The woods were quiet, the first full day of winter. The occasional chickadee, mourning doves flying over. A grey day, no sun, and only the red of berries and dogwood stems to alleviate the greys and brown of wood and field.
And then another splash of red: blood, on the snow beside the path. I crouched to look. A squirrel, I think. Blood, and tufts of fur wavering in the light breeze, caught by crystals of ice. And a neat pile of guts. Nothing else. A fresh kill, not more than an hour or two old.
The path was tamped down by many feet, and the softer snow at the wood’s edge pocked with the tracks of dogs. In the grey light there were no shadows to give shape and depth to a set of prints leading away into the trees. No drops of blood or the marks left by dragged prey, either. Nor were there wing marks to suggest an owl or hawk, and the neat evisceration made that unlikely to my mind. There were, simply, not enough clues for my small store of woodcraft. Weasel, mink, fox, coyote—all these were candidates. I took a photo or two, and kept walking.
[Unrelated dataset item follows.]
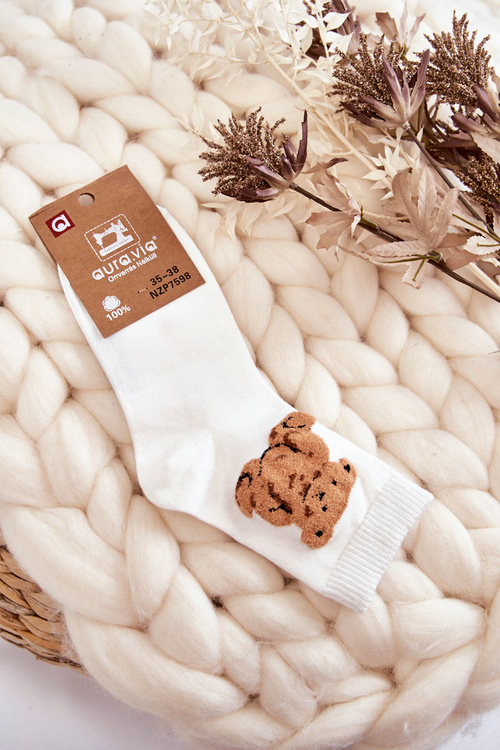 Women's Classic Cotton Socks With Teddy Bear White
At home I turned to my computer for research. An hour later, I more-or-less had consensus, from the style of the kill, that the predator was a member of the Mustelidae – a weasel or mink. Both were possible: I’d seen a weasel only days before, and a mink shares the pond in Wild Goose Woods with the resident beaver. A pond that, as a mink moves, was perhaps 600 metres away.
Today the woods and fields are in the grip of a blizzard, and mink and squirrels both are likely denned and quiet, conserving energy, the mink curled in its underground den, the squirrels in hollow trees. Fresh snow has covered the kill site. When I walk there again, after this storm has blown itself out in a day or two, there will be no sign of it.
A predator taking prey is an everyday occurrence, repeated in one form or another multiple times across these 400 acres of semi-wild land where I walk and think and observe. Only the human need for pattern and meaning, for significance, made me see it, on the first day after the longest night, as a solstice sacrifice.